(Data shown):
________________________________________

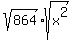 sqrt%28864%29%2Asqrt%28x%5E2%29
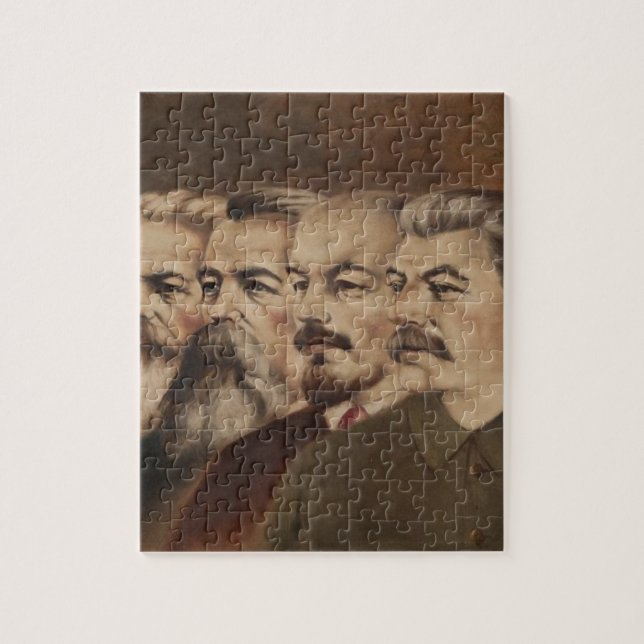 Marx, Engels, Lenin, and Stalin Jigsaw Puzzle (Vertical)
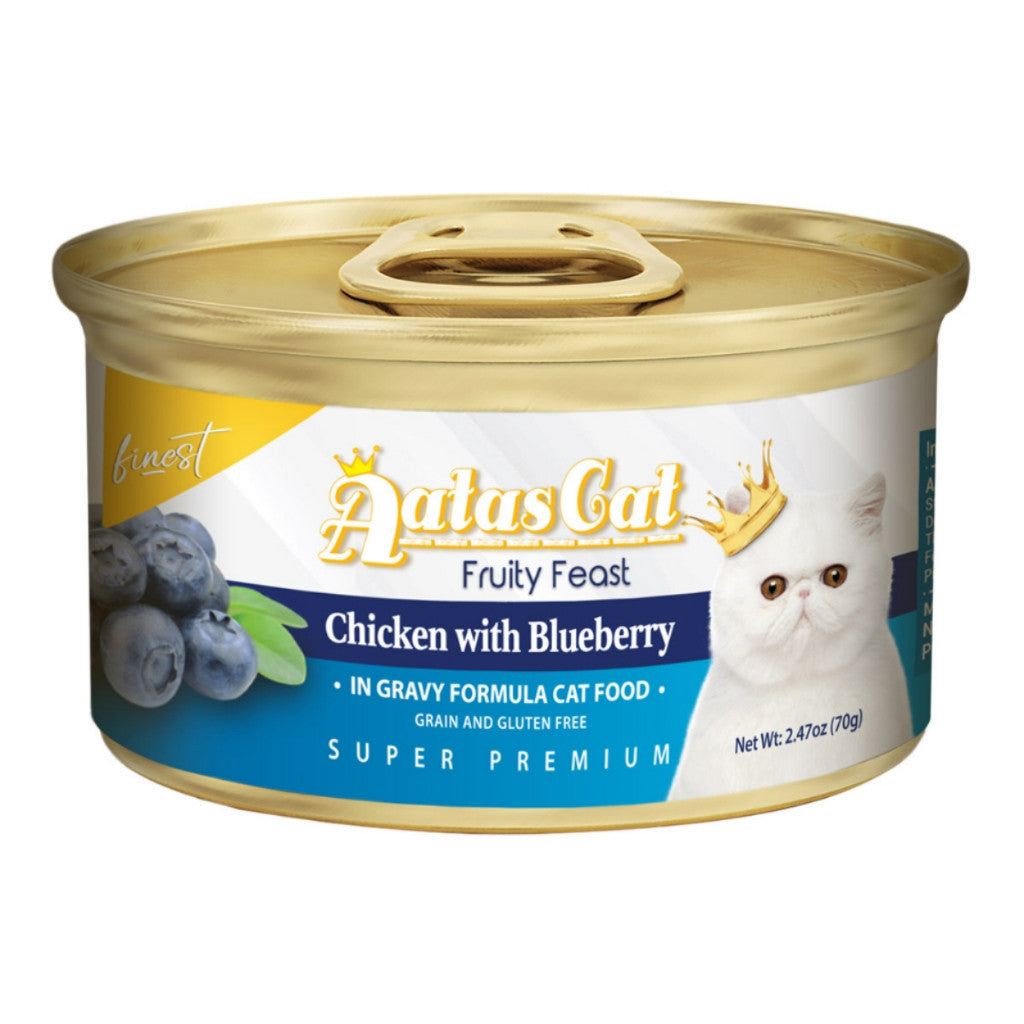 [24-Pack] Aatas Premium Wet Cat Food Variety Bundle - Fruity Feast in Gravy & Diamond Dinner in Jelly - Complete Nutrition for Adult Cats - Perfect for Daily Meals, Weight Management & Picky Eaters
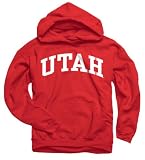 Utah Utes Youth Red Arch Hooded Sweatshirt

________________________________________

(Problem statement): Output nothing but the lines from the one containing "Marx, Engels, Lenin, and" to the end of the listing, both ends included, reproduced exactly. Pictures stay out.

(Written reply):
 Marx, Engels, Lenin, and Stalin Jigsaw Puzzle (Vertical)
 [24-Pack] Aatas Premium Wet Cat Food Variety Bundle - Fruity Feast in Gravy & Diamond Dinner in Jelly - Complete Nutrition for Adult Cats - Perfect for Daily Meals, Weight Management & Picky Eaters
 Utah Utes Youth Red Arch Hooded Sweatshirt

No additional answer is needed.